To date, sixteen men who were wrongfully convicted have been exonerated through the work of the Innocence Inquiry Commission. Those sixteen men lost a combined 300 years in prison because of their wrongful convictions. Based upon the results achieved, the Innocence Inquiry Commission should be held up as a model for other states to follow – not eliminated.

The mission of the Innocence Inquiry Commission is to identify those who may have been wrongfully convicted in North Carolina and to examine their claims of actual innocence. The Commission is an independent state agency with authority to subpoena evidence and witnesses and to conduct searches for and testing of evidence. Those powers are ones that non-profits and law school innocence groups do not have. For that reason, the Commission can efficiently determine the merits of an individual’s claim of wrongful conviction. Quite simply, the Innocence Inquiry Commission can get answers and access where others may be stonewalled.

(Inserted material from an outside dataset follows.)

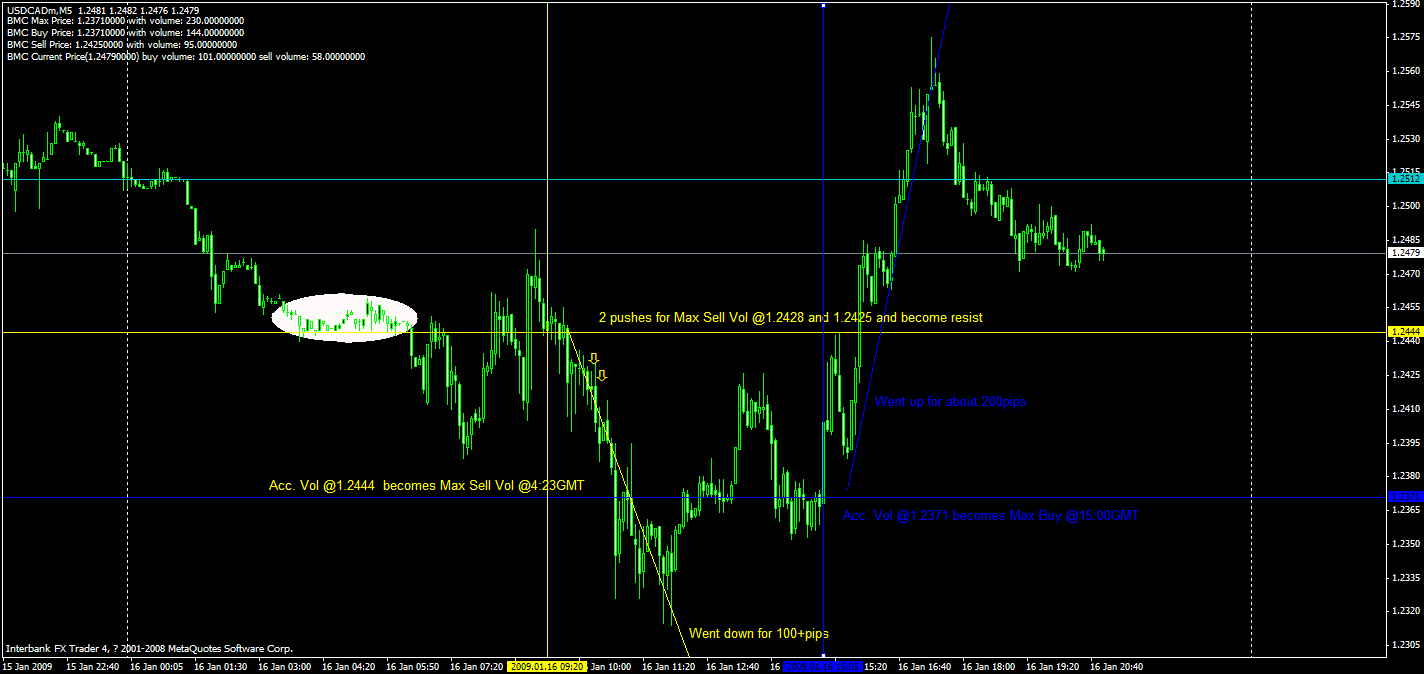 usdcadm5 jan 16 intraday volume analysis.gif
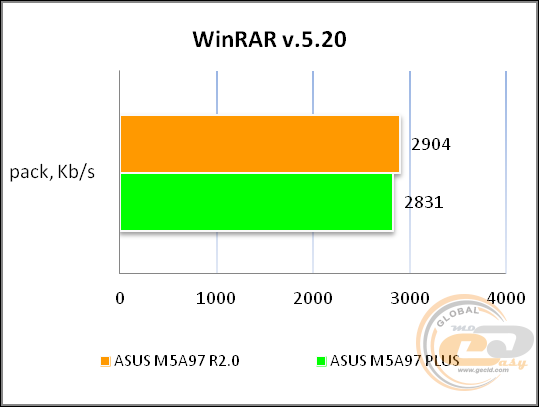 ASUS M5A97 R2.0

Benjamin Rachlin, author of Ghost of the Innocent Man: A True Story of Trial and Redemption, recently wrote an opinion piece titled “Freeing the innocent is worth the small price NC pays for wrongful conviction agency,” which was published in The Charlotte Observer and Raleigh’s News & Observer. Rachlin’s book focused on the Innocence Inquiry Commission’s work in securing the exoneration of Willie Grimes, a man who lost 24 years of his life to a wrongful conviction. Rachlin succinctly summarized the long odds that the wrongfully convicted face in attempting to overturn their convictions, as well as the critical importance of the Commission in righting those wrongs:

As soon as Willie was convicted in 1988, at 41 years old, he filed appeals. He wrote to every local nonprofit. He applied to Prisoner Legal Services. (“While I personally believe you are innocent, that does not mean that I can get you a trial,” staff replied.) He finally filled out an IIC questionnaire in October 2010. In 2011, investigators found fingerprints from the original crime scene. In 2012, three independent judges agreed Willie was innocent by “clear and convincing evidence.” The IIC had taken two years to solve a crime no one else had solved for a quarter century.

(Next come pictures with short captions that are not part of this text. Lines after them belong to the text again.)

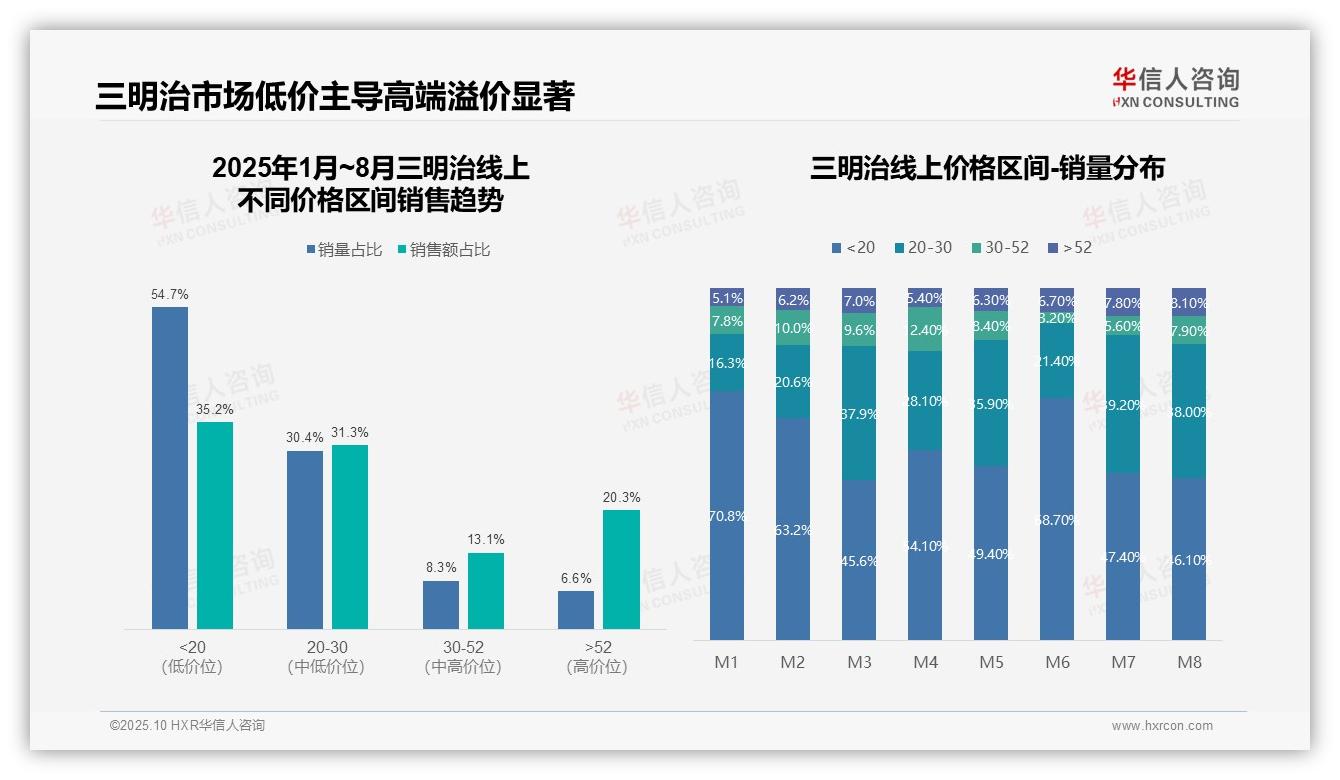 一文读懂三明治销量54.7%来自低价区间，薄利多销主导市场：华信人咨询报告精编-2025年10月-三明治-38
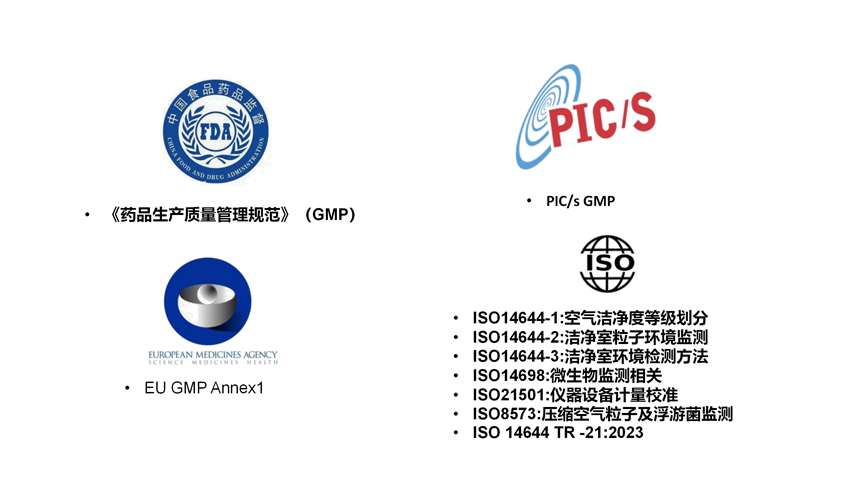 陜西塵埃粒子在線環(huán)境監(jiān)測(cè)系統(tǒng)（FMS）設(shè)備廠家 歡迎來(lái)電 江蘇萊蒙儀器科技供應(yīng);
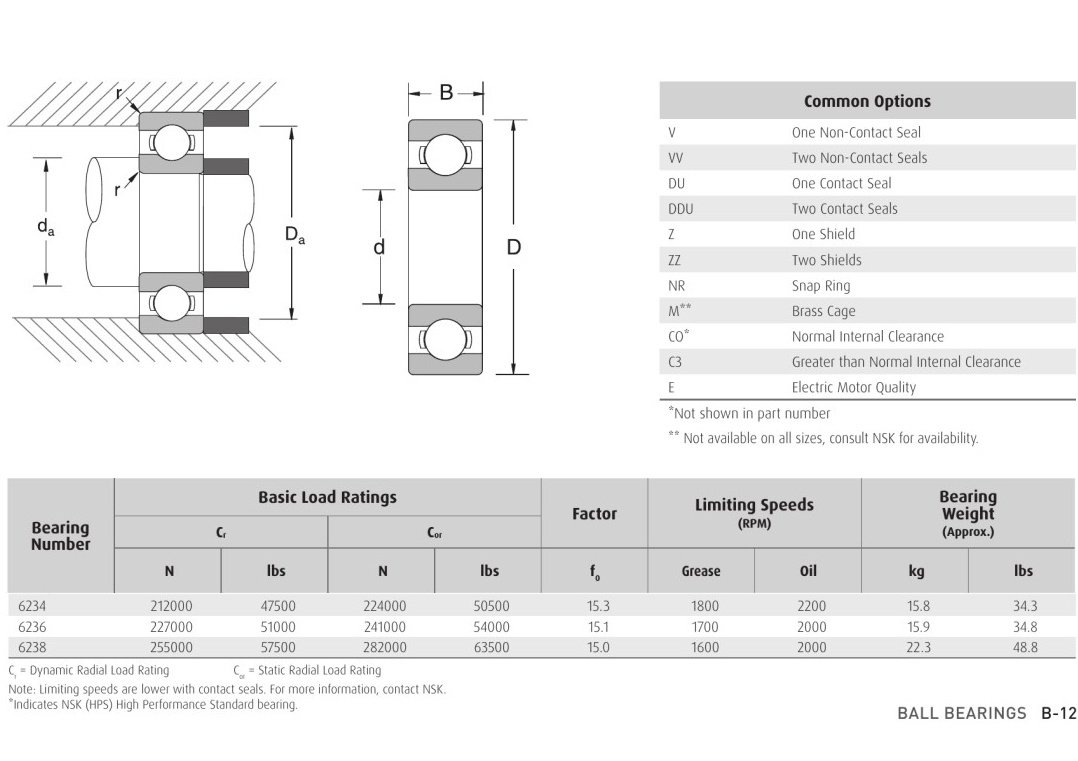 NSK 6234 6236 6238 bearings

Not only did the Commission save Willie Grimes from additional years, and likely death, behind prison walls, but it also identified the actual perpetrator of the crime for which Mr. Grimes had been wrongfully convicted. The case of Willie Grimes is but one of the sixteen exoneration stories credited to the Commission. Its work is vitally important. Wrongful convictions do happen. Innocent men and women are sent to prison. Independent state agencies like the Innocence Inquiry Commission are a necessary backstop to help correct mistakes that inevitably do, and will continue to, occur in the criminal justice system. North Carolina legislators should rethink this misguided effort to eliminate the Innocence Inquiry Commission.